Although Australian actress Abbie Cornish, who plays Fanny Brawne, has been in the press for her personal life, and appeared in a few American films (Elizabeth: The Golden Age, Stop Loss), Bright Star is really her film, and her entree into stardom. Apparently Brawne was quite the talented seamstress and fashionista, notorious in Hampstead for her outfits and accessories. Campion does a fantastic job illuminating the similarities between Brawne's needlework and the business of writing poetry, but, brilliantly gives us the most insight into Fanny's character when in response to being made-fun of for her vestments, Fanny responds "my needlework is better than your poems - and I can make money at it!"
But it's inevitable that Fanny and Keats will fall in love - they live right next door to each other, and are drawn together through their extraordinary interests and temperaments. Bright Star has nothing of the sugary sentiment that period films like Becoming Jane and the disgusting remake of Pride & Prejudice stand on. Bright Star is all about impressions, feeling, and the transitory nature of love. Fanny and Keats can never really be together: he has no means to support her, his friends despise her for taking up his time to write when really she is the only reason he finds the inspiration to write again after the death of his younger brother.

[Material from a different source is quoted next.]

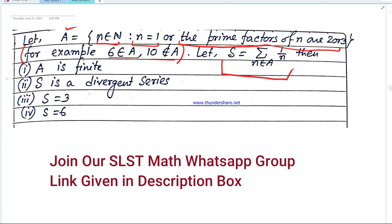The series S equals the sum of 1/n for n belonging to A. There are 4 options: the set A is a finite set; the series S is a divergent series; S equals 3; or S equals 6.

This film will not receive the attention it deserves, so if you have the chance to see it I highly recommend you take it. There is something infinitely intimidating about the fact that Keats accomplished so much when he barely made it into adulthood. This film emphasizes the beauty of the moment and of love, which when it pronounces itself, must be embarked on wholeheartedly. One never knows when these moments will end. John and Fanny's union is perhaps finally given the acknowledgment it deserves in this film, forever reflected in Keats' poems, including the one which Campion draws her title, which Keats wrote shortly after becoming engaged to Brawne in 1819.

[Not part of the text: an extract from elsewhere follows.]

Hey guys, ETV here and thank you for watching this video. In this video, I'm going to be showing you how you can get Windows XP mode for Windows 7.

Not in lone splendour hung aloft the night
And watching, with eternal lids apart,
Like nature's patient, sleepless Eremite,
The moving waters at their priestlike task
Of pure ablution round earth's human shores,
Or gazing on the new soft-fallen mask
Of snow upon the mountains and the moors--
No--yet still stedfast, still unchangeable,
Pillow'd upon my fair love's ripening breast,
To feel for ever its soft fall and swell,
Awake for ever in a sweet unrest,
Still, still to hear her tender-taken breath,
And so live ever--or else swoon to death.